Although the defendant's decision did not articulate its reasons for denying the plaintiff's application, two members of the board expressed concerns as to traffic problems which would be caused by an additional drive through in the area. In the deliberations by the members of the board, before the vote on the application was taken, member Hunt indicated his concern based on his personal observations of the hazard of vehicles coming out of the property and member Mostowy agreed with member Hunt's concerns.
This expressed concern with traffic safety justifies the denial of the variance by the defendant in accordance with the provisions of C.G.S. § 8-6(a)(3) requiring the defendant to evaluate all variance applications with due consideration for conserving the public health and safety.
The plaintiff further claims that the regulation by the Town of East Lyme requiring a 1,000-foot separation between drive throughs constitutes a hardship sufficient to warrant the granting of a variance to the plaintiff.
The plaintiff's claim, however, would apply to every parcel of real estate which is within 1000 feet of another restaurant or food service establishment having a drive through facility.

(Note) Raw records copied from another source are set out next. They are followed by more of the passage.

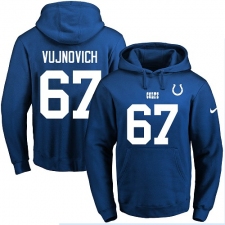 NFL Men's Nike Indianapolis Colts #67 Jeremy Vujnovich Royal Blue Name & Number Pullover Hoodie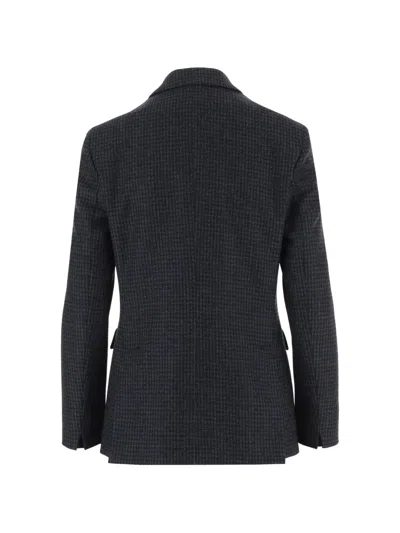 Lardini Houndstooth-pattern Single-breasted Blazer In Black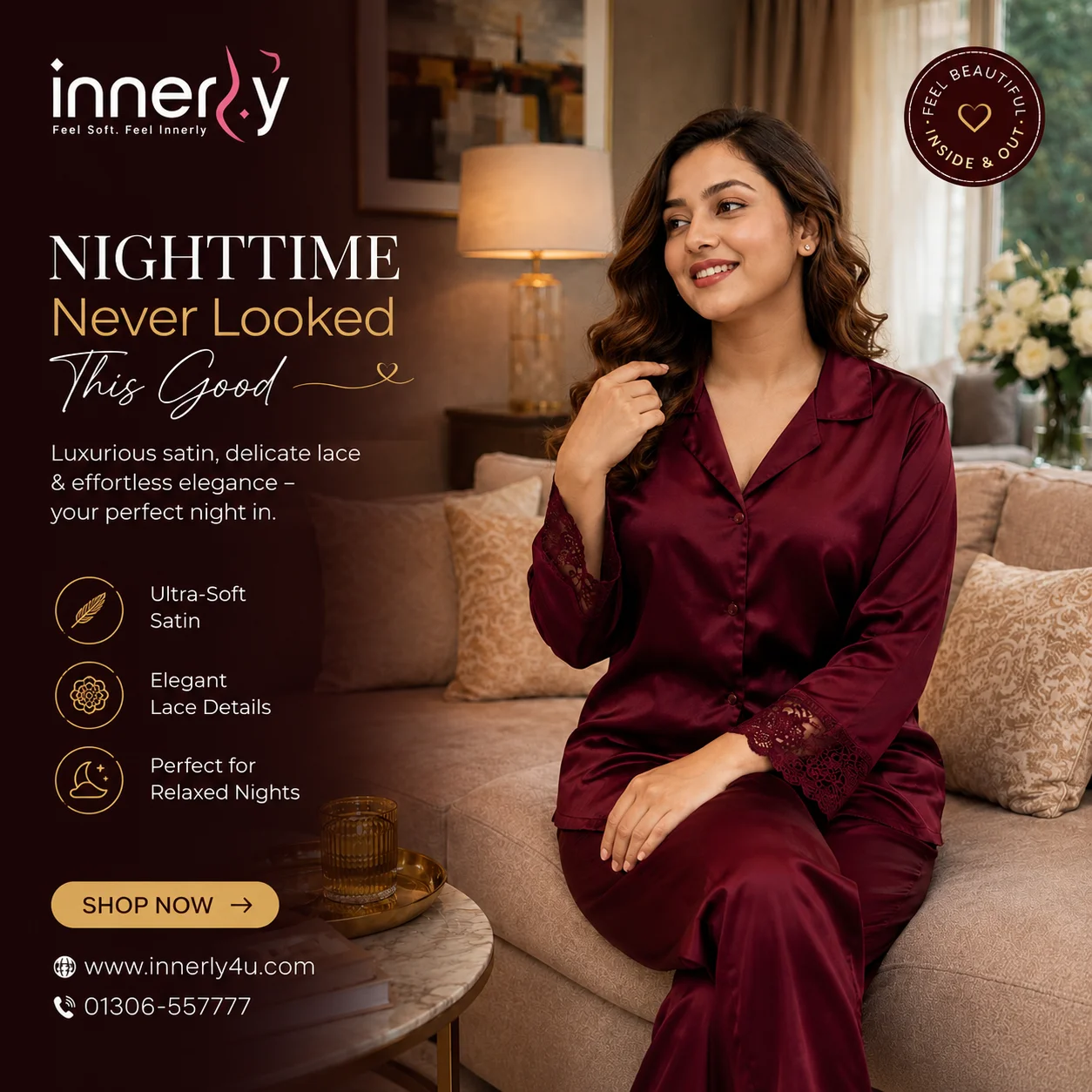Premium Full Sleeve PJ Set - Maroon Color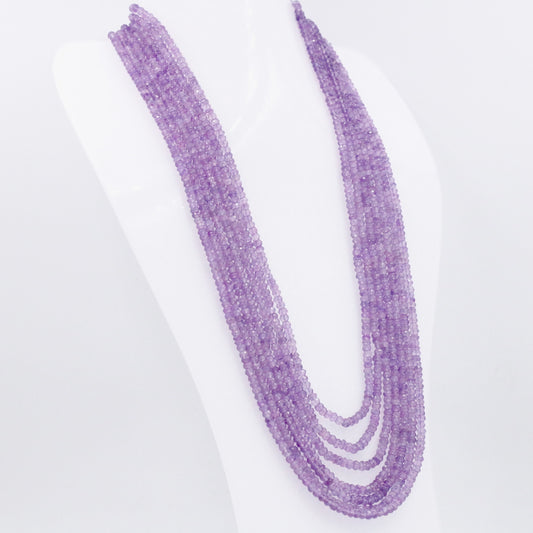 Natural Amethyst Beaded Necklace Faceted
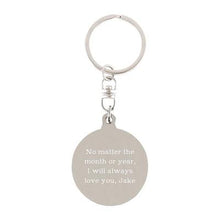 Load image into Gallery viewer, Silver 50 Year Calendar Keychain engravable

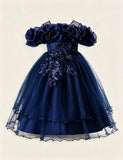 Rose Off-Shoulder Flower Girl Dress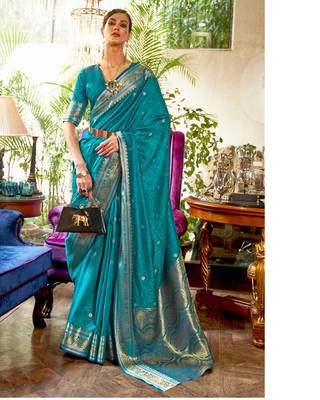 Teal kanjivaram silk blend zari Weaving Borde And Pallu Saree With Blouse For Women 1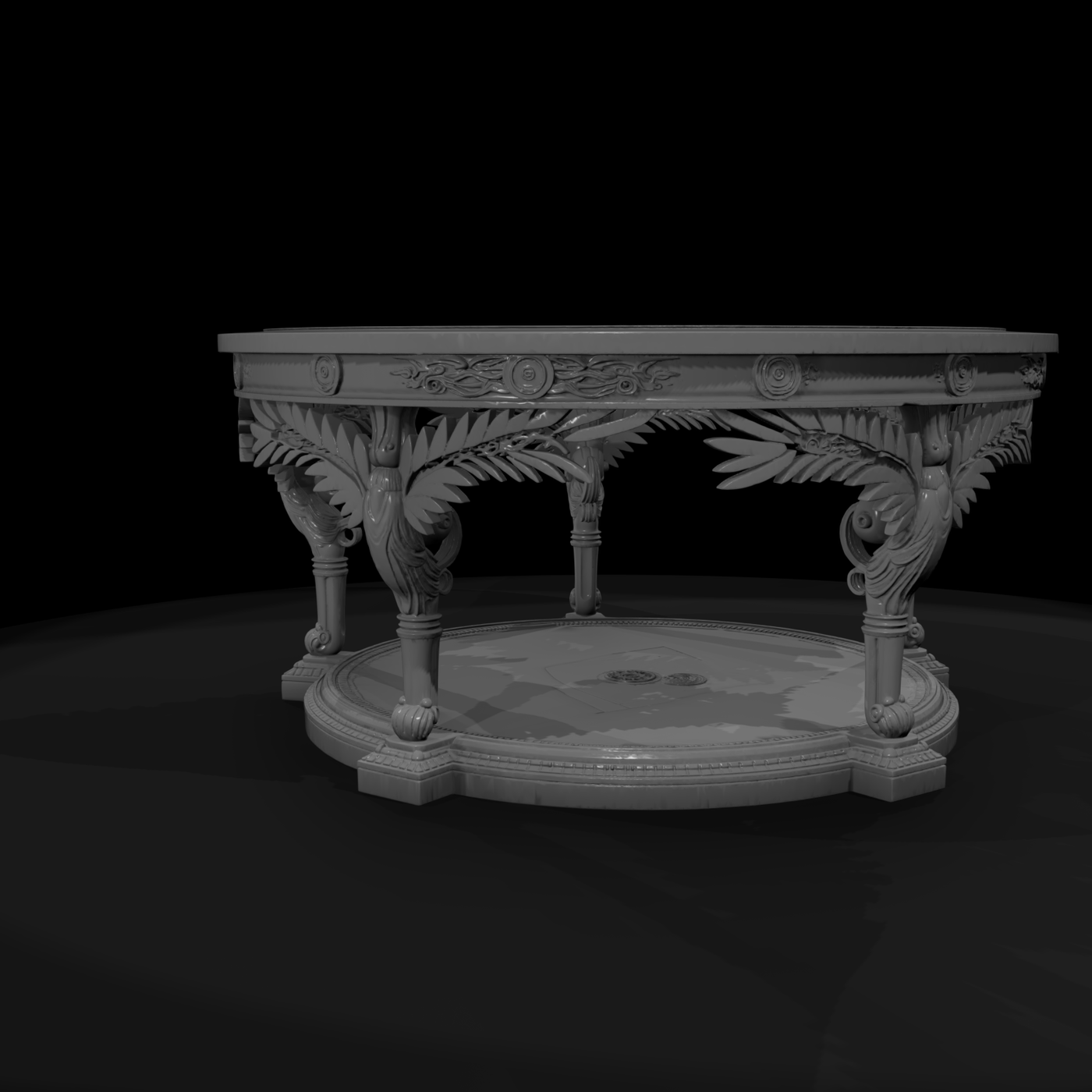 Neoclassical Carved Round Dining Table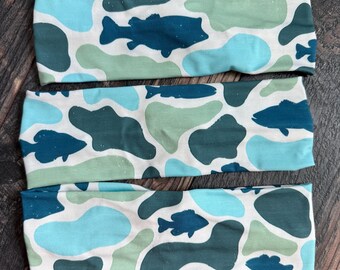 Retro camo headband, fish camo, fish camo headband, bass headband, freshwater fish, lake headband, crappie, trout headband, fish headband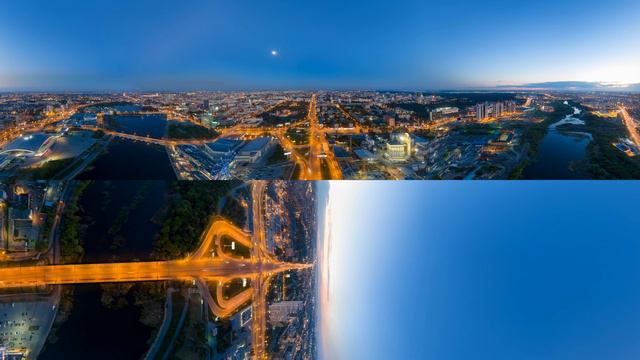 Вечерний Челябинск с высоты 360° смотреть онлайн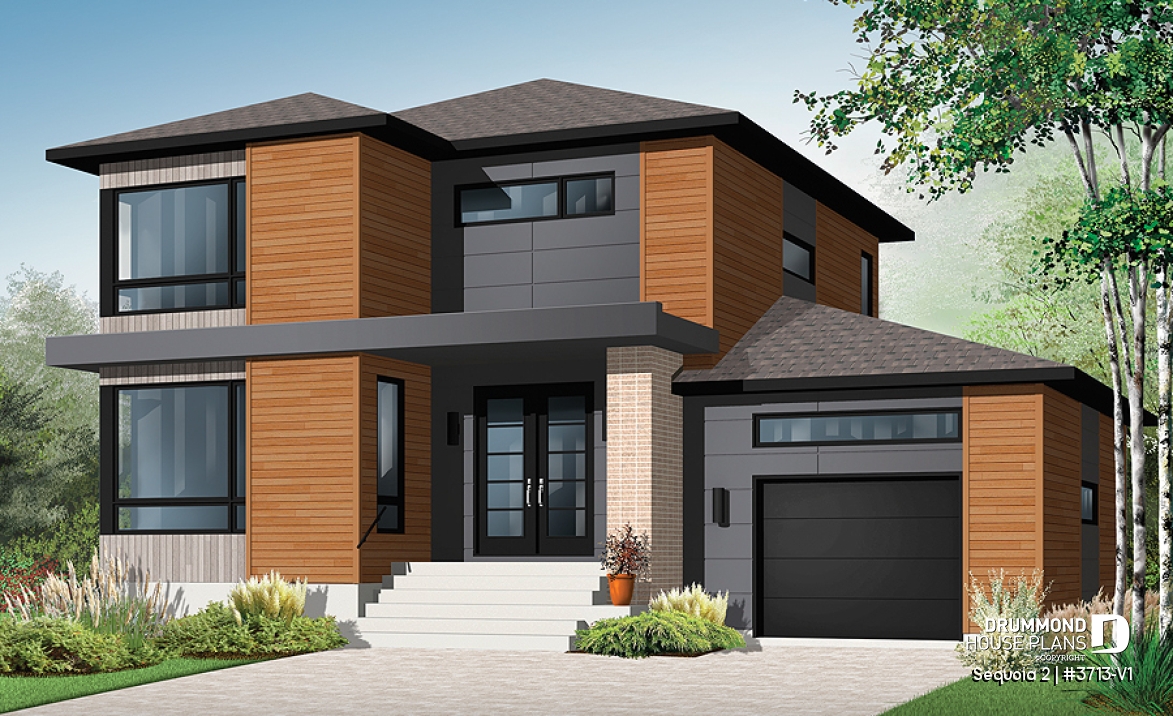 front - BASE MODEL - Affordable Modern home plan, garage, 3 beds, 1.5 baths, family &amp; living rooms, 9' ceiling on main, fireplace - Sequoia 2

Therefore, the plaintiff has failed to show "that owing to conditions especially affecting such parcel but not affecting generally the district in which it is situated, a literal enforcement of such . . . regulations would result in exceptional difficulty or unusual hardship." C.G.S. § 8-6(a)(3).
The plaintiff relies on four cases to support his claim that a variance may be granted because a property owner is unable to develop his property because of some zoning regulation. In each of the cases cited by the plaintiff, however, the successful applicant for a variance owned real estate with specific problems unlike other properties in the area. Stillman v. Zoning Board of Appeals of the Town of Redding, 26 Conn.App. 631 (1991) (variance granted of setback and coverage rules because of unusual characteristics of parcel, namely location of septic tank and well); Stryker v. Zoning Board of Appeals of the Town of Stonington, 1991 W.L. 170170 (Conn.Super., 1991) (variance granted of buffer zone because of unique physical characteristics and configuration of parcel, namely small and odd-shaped buildable area); Merlo v. Zoning Board of Appeals of the Town of Wethersfield, 16 Conn. L. Rptr. 406 (Conn.Super., 1966) (variance granted of side yard setback rules because of configuration of garage on real estate); Brown v. Zoning Board of Appeals of Town of Fairfield, 22 Conn. L. Rptr. 406 (1998) (variance of side yard setback rules granted because applicant could not construct addition to house anywhere except in setback area).
In each of the cited cases there was a unique characteristic of the applicant's real estate which differentiated it from other properties in the area. In the present case, there is no such unique characteristic of the plaintiff's property.
Therefore, the court finds that the plaintiff did not have a hardship sufficient to warrant the granting to the property of a variance of the 1000-foot separation distance between drive throughs.
Based on the foregoing, the court finds that the defendant had before it ample evidence that an additional drive through was not appropriate for the area in which the property is situated and that the plaintiff did not establish a hardship sufficient to warrant the variance he requested.
Accordingly, since the plaintiff has failed to sustain his burden of proof that the defendant acted illegally, arbitrarily and in abuse of its discretion, judgment may enter dismissing the plaintiff's appeal.